Je deviens semble-t-il un vieux ronchon avec l’âge. Ne vous inquiétez pas : il s’agit paraît-il d’une sorte de loi de la nature. Quoi qu’il en soit, vous m’aurez-vu pester ici au fil des ans devant la médiocrité (je cherche un terme plus fort, aidez-moi) des traductions de l’anglais au français. Le motif immédiat de mon irritation : ma recherche à l’instant de critiques en français du film d’Antonioni The Passenger. J’aurais pu chercher longtemps : le titre français est Profession : Reporter. Le rapport entre les deux ? Aucun [je découvre plus tard qu’en italien, ce film tourné en anglais s’appelle Professione : Reporter, ce qui est donc peut-être le titre qu’Antonioni entendait lui donner], et j’ai pesté dans le même sens quand je faisais le compte-rendu récemment d’une série de films des angry young men britanniques (je sais, je devrais terminer la série en parlant de Billy Liar et de A Sporting Life, mea culpa) : il semble exister un principe selon lequel le réalisateur d’un film ne bénéficie d’aucune protection contre une traduction injurieuse par sa stupidité du nom de son film. Qu’est-ce qui permet cela ?

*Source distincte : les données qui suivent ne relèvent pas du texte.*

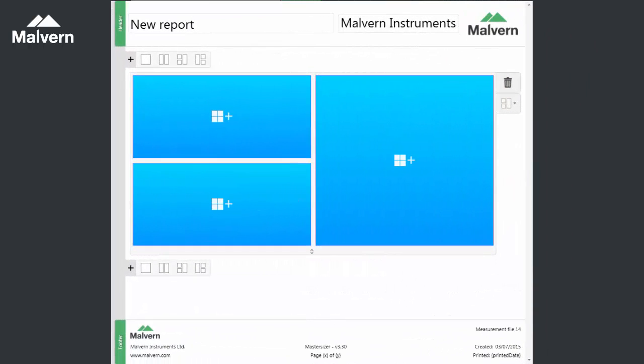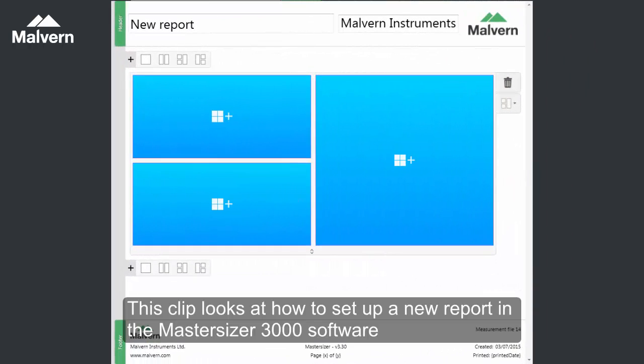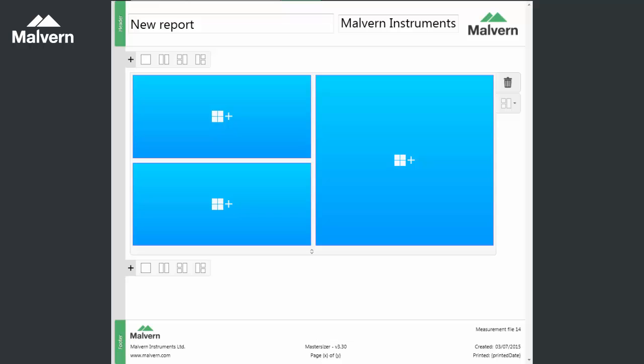In this clip we will look at how to create a new report in the Mastersizer 3000 software. This will cover the different items or widgets that you can add to reports and how you can configure the report to look the way you want it to.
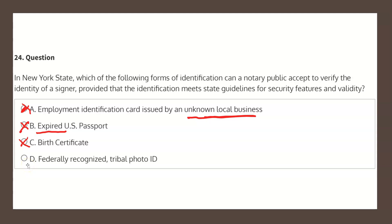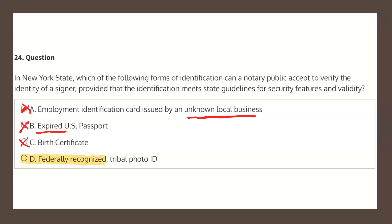This leaves us with choice D by process of elimination. But just to be sure, let's have a look. Choice D states: federally recognized tribal photo ID. A tribal photo ID is considered an ID issued by a governmental agency — it's federally recognized, it has photo ID, and assuming it's valid, this is a proper form of identification. Therefore, choice D, federally recognized tribal photo ID, is our solution.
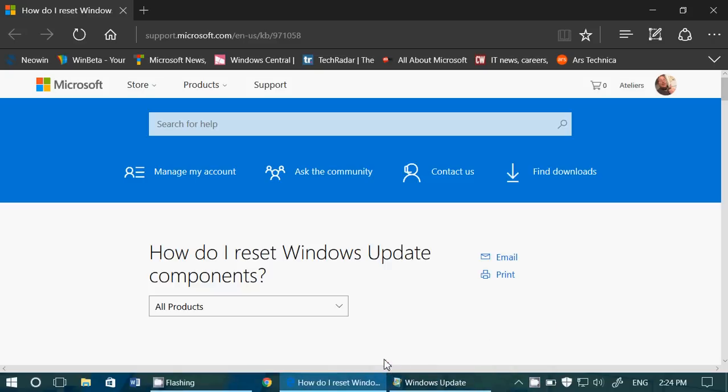Welcome to this Windows channel and this is a quick video on tips and tricks. If you have problems with Windows updates, and that includes any insiders out there that are not able to download the latest build of Windows 10, 14.9.6.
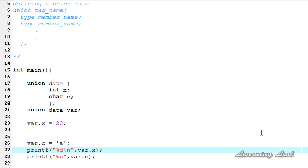Now we're going to see where these unions are used. Unions are frequently used when specialized type conversions are needed, because you can refer to data stored in a location with different data types. So this is it — this is about the introduction to the union in C. Thanks for watching and don't forget to subscribe to my channel. I'll see you in the next tutorial.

Mais il y a bien pire : la traduction de livres. De ce que je vois, là aussi un auteur ne semble bénéficier d’aucune protection contre une traduction inepte de son livre. Parfois l’erreur de compréhension débute même avec le titre. Je vous ai ainsi parlé du Player Piano de Kurt Vonnegut, traduit comme Le pianiste déchaîné alors qu’un player piano est un piano mécanique, lequel joue un rôle crucial dans le livre, ce qui fait que la traductrice aurait eu du mal à le louper. (Maintenant que j’y pense, je devrais aller vérifier : il se peut que durant toute la scène où les présents réfléchissent aux méfaits de la mécanisation en observant le piano mécanique jouer tout seul son morceau, la traduction française les représente observant à la place … un « pianiste déchaîné » !).

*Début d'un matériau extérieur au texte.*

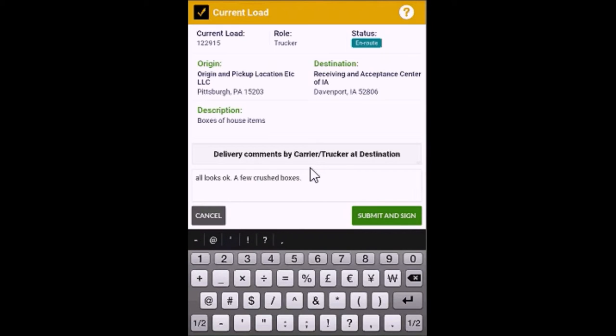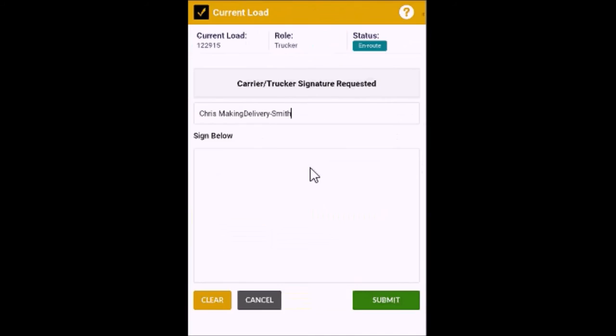Click Submit and Sign. Then, you sign for the load on the device.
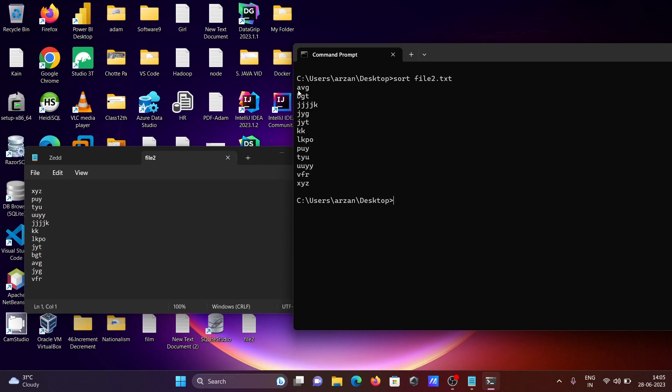When it finds two J's, it starts comparing the second letter. So here with J and Y, J has higher priority than Y. Similarly with K, K, L, P, U. If you want to do the sorting in descending order, you need to write...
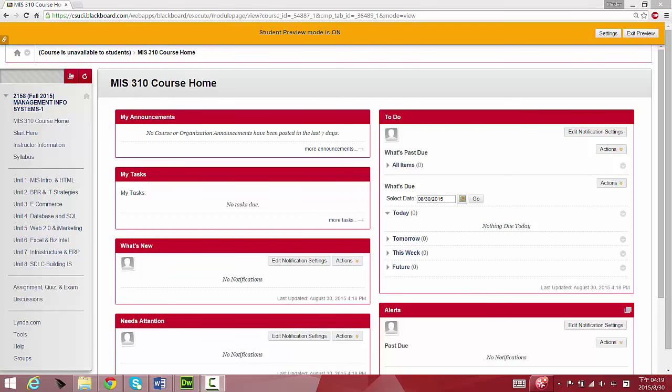Hello everyone, this is Professor Minder Chen. I'm your instructor for Management Information System 310, and this is part of the online degree program's required course at CSU Channel Islands business degree program. Let me show you the course website hosted at CI Learn.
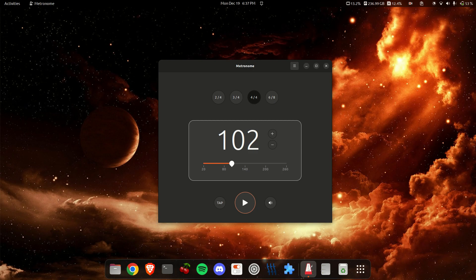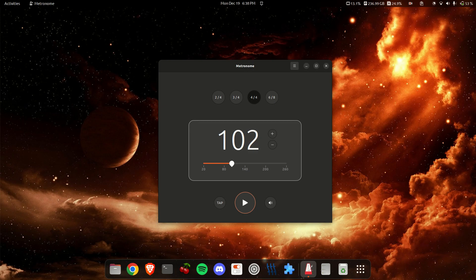Metronome, if you're curious, is just for having a steady beat while you practice music or listening to the tempo so you can just play it.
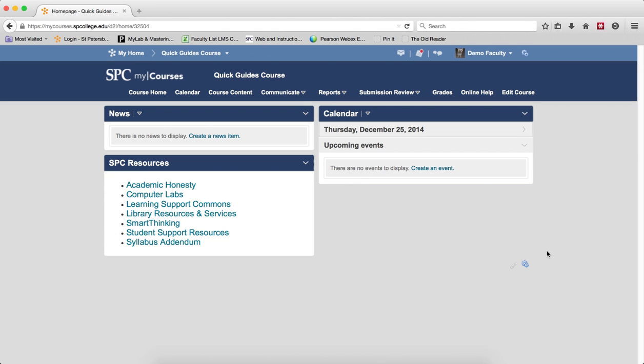If you already have an established weighted gradebook, adding grade items to it is an easy task.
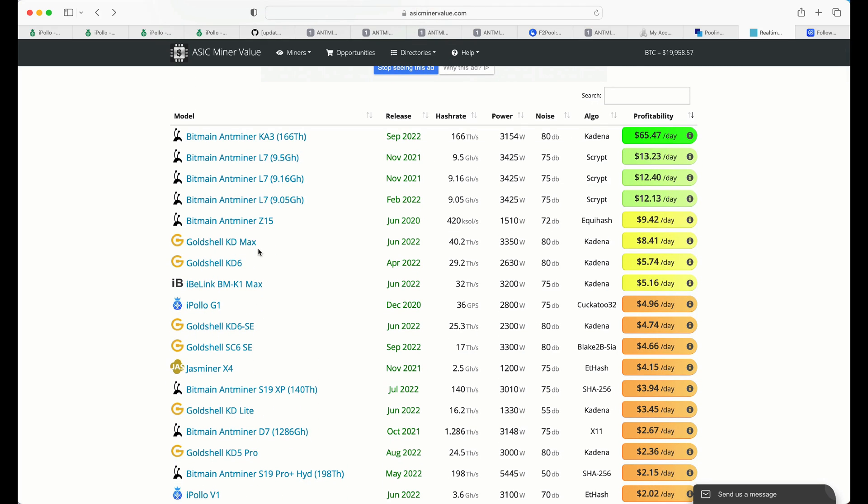But those of you that are mining Kadena, and again, I'm a fan of the project, I am. But over the last while, the actual hash rate has gone through the roof. And I believe it's because some of these KA3s have gone online and commercial applications. Again, I'm just speculating, but that's what I think.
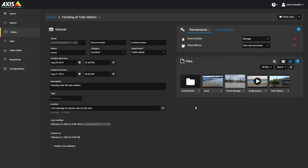From the case you want to add files to, click on the File Request tab next to the Permissions tab. This may be a drop-down menu on the Permissions button on smaller browser windows.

Il ne s’agit là, me direz-vous, QUE de science-fiction, genre universellement méprisé, mais je vous ai parlé déjà aussi d’une traduction de Philip Roth chez Gallimard (bon sang de bois !), où des passages entiers sont privés de sens, et où j’avais fini par deviner la clef : la traductrice ne comprenait aucune des expressions, dictons, citations d’auteurs connus, présents dans le texte, traduisant tout cela littéralement, insouciante du fait que cela n’ait ni queue ni tête. Je viens de dire deux fois « traductrices », mais j’ai pris le regretté Philippe Jaccottet, traducteur apprécié de l’allemand, la main dans le sac traduisant « comme un vol d’oiseaux se dirigeant vers lui » par « comme des oiseaux reviennent de migration » (L’homme sans qualités de Musil – Tome 1 – page 89).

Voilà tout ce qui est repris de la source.